Si l’on prend les textes, il y a bien ambiguïté et donc possibilités de conflits dans les compétences en France pour faire la loi entre l’initiative du Chef du Gouvernement (exécutif) et initiative du Parlement (législatif).
Avec la Constitution de 1958 tout va bien...tant que le Président dispose de la majorité particulièrement à l’Assemblée Nationale mais si cette situation n’est pas réalisée c’est la « cohabitation » qui s’instaure et son risque de conflit législatif contre exécutif ...ainsi va la démocratie française !

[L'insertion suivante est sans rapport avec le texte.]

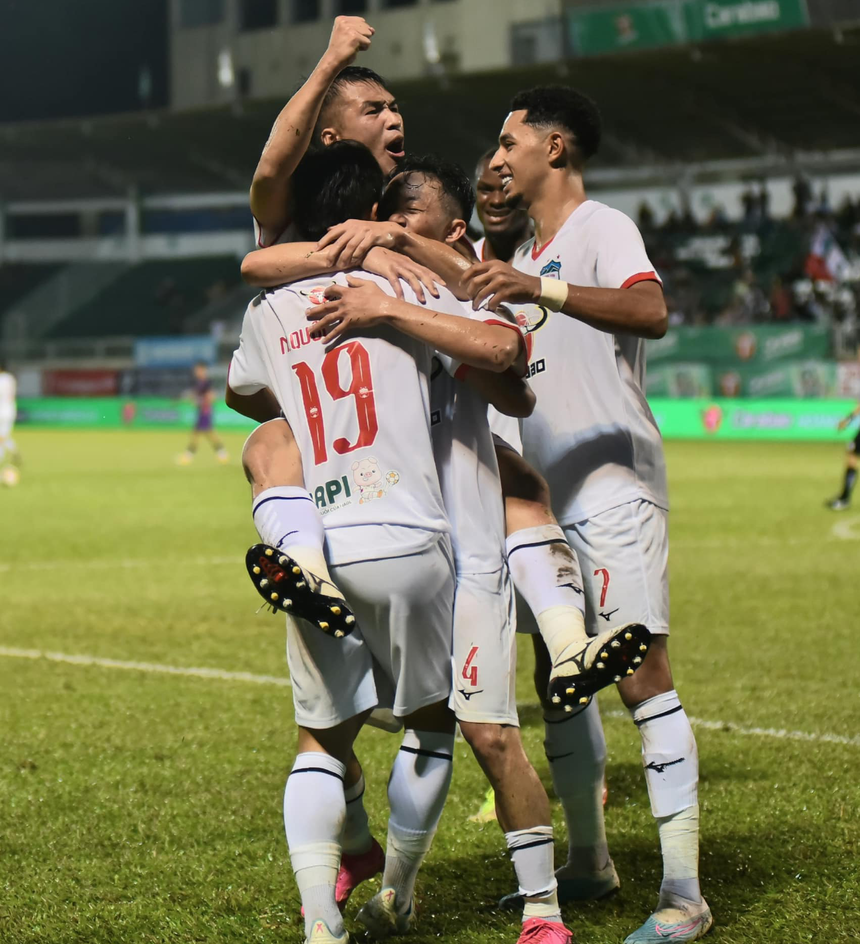 Sao U22 Việt Nam cứu HAGL của HLV Kiatisuk - Ảnh 2. Sao U22 Việt Nam cứu HAGL của HLV Kiatisuk - Ảnh 2.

Si l’on prend l’esprit de la Constitution pour l’élaboration et l’adoption d’une loi la prééminence du Parlement, émanation du peuple souverain est indubitable et, de cela, le Conseil Constitutionnel en a fait fi dans sa décision du 25 janvier 2024 concernant la loi d’immigration.
LA LOI AU PARCOURS CHAOTIQUE
Reprenons le débat au Sénat
https://www.dailymotion.com/video/x8peepa
Le Sénat a débuté lundi 6 novembre 2023 l'examen du projet de loi immigration.
À la tribune, la sénatrice PS Marie-Pierre de la Gontrie a accusé Gérald Darmanin de "ne pas être prêt". Elle a épinglé le "parcours chaotique du texte", puisqu’il a été déposé au Sénat en février 2022, examiné en commission des lois mais finalement désinscrit de l’ordre du jour après le séisme social et politique provoqué par la réforme des retraites. "Le gouvernement a déposé 28 amendements sans avis du Conseil d’État, sans étude d’impact. Aujourd’hui, à l’évidence, la succession des annonces montre que le texte n’est pas abouti", a estimé la socialiste.
CONFLIT DE COMPÉTENCE
Pour l’élaboration des lois, la Constitution de 1958 par son article 39 laisse la porte ouverte à un possible conflit de compétences entre le pouvoir exécutif (Président de la République et Gouvernement) et le pouvoir législatif (Parlement).
Rappelons que pour distinguer l’origine d’un texte présenté pour discussion et adoption au Parlement : il y a deux formules :
- un projet de loi qui émane du Gouvernement
- une proposition de loi qui émane des membres du Parlement (Sénat et Chambre des Députés)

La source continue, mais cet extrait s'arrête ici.